The statement released following last Wednesday’s summit was signed by Andy Burnham, Manchester council leader Sir Richard Leese, Sheffield leader Julie Dore, Newcastle council leader Nick Forbes and Merseyside mayor Steve Rotherham.
Following the meeting Mr Burnham said leaders had agreed to form a ‘council of the north’ to push on major infrastructure and Brexit discussions affecting the region.
Mr Burnham said: “It is time now for the north to pool its political influence and show a real willingness to use it, like London, Scotland, Wales and Northern Ireland have been doing in recent times.
“Westminster has failed the north of England but in the past we have struggled to speak with one clear voice on its unfair decisions.
“If we get this right, a new ‘Council of the North’ could mark a real change to the politics of our country.”
A DfT spokesperson said the government remained 100 per cent committed to delivering transport improvements across all areas of the country. They added: “We are already investing over £13bn in the north of England’s transport infrastructure, including on roads and railways, to deliver faster journeys and increased capacity.
“We are also developing options to deliver drastically improved journeys on the Transpennine route from 2022.
“We are committed to Northern Powerhouse Rail, as set out in the manifesto, and that is why we have invested £60m for TfN to take the development of the scheme forward. There has been no change in timetable, with Transport for the North due to present its proposals next year.”

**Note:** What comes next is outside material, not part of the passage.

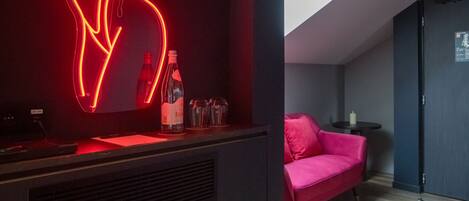A modern room with a neon art installation, a sofa, a small table, and a skylight.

THE region’s senior business leaders have called on the government to back a major campaign for Crossrail for the North.
The Northern Powerhouse Partnership (NPP), chaired by former Chancellor George Osborne, is calling on the government to show ‘its continued commitment to Northern Powerhouse Rail.’

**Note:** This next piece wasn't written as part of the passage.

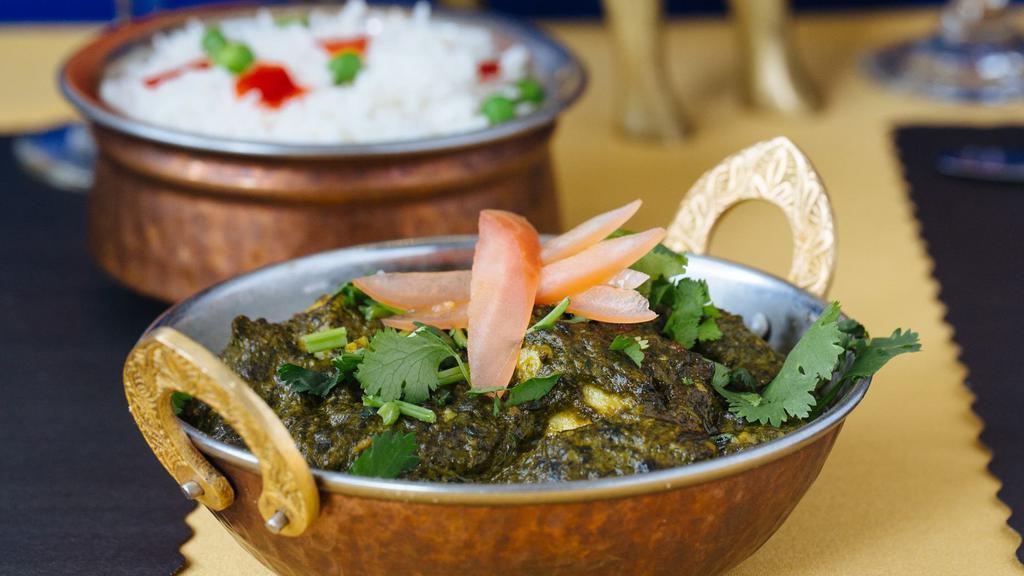 Palak Paneer · Homemade cottage cheese cooked with fresh spinach and spices.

Fifty business and civic leaders from across the north of England signed a letter to the government demanding an increase in transport spending.
Among the signatories are Steve Gillingham, director for the North, Mace, Dave Newton, director, ARUP; Chris Oglesby, CEO, Bruntwood; Collette Roche, acting CEO, Manchester Airport; John Joyce, managing partner, Addleshaw Goddard; Andy Koss, CEO, Drax Power and Clive Memmott, CEO of Greater Manchester Chamber of Commerce.

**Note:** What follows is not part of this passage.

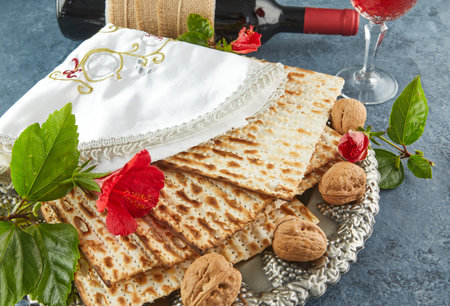 Pesach celebration concept - Jewish Passover holiday. Matzah on traditional Seder plate with bottle...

The letter sent to Prime Minister Theresa May and Chancellor Philip Hammond by the Partnership, states: “We are calling on the government to show its continued commitment to Crossrail for the North in the Autumn Budget, alongside a step change investment in the wider road and rail corridors which link the key economic assets of the North. This crucial, panNorthern infrastructure of Crossrail for the North, the Northern Powerhouse’s Railway, would significantly cut journey times, for example providing a no more than 30-minute commute between Leeds and Manchester and less than 60 minutes between Leeds and Newcastle, and have a dramatic impact on the UK economy.”
An independent study by think tank the Institute of Public Policy Research North in February found that £1,943 is spent per head in London on current or planned transport infrastructure projects, compared to an average of just £427 in the North.
The report’s author Grace Blakeley said at the time: “It currently takes longer to travel by train from Liverpool to Hull than from London to Paris. Building better links between the North’s cities will boost the nation’s economy, driving up productivity.”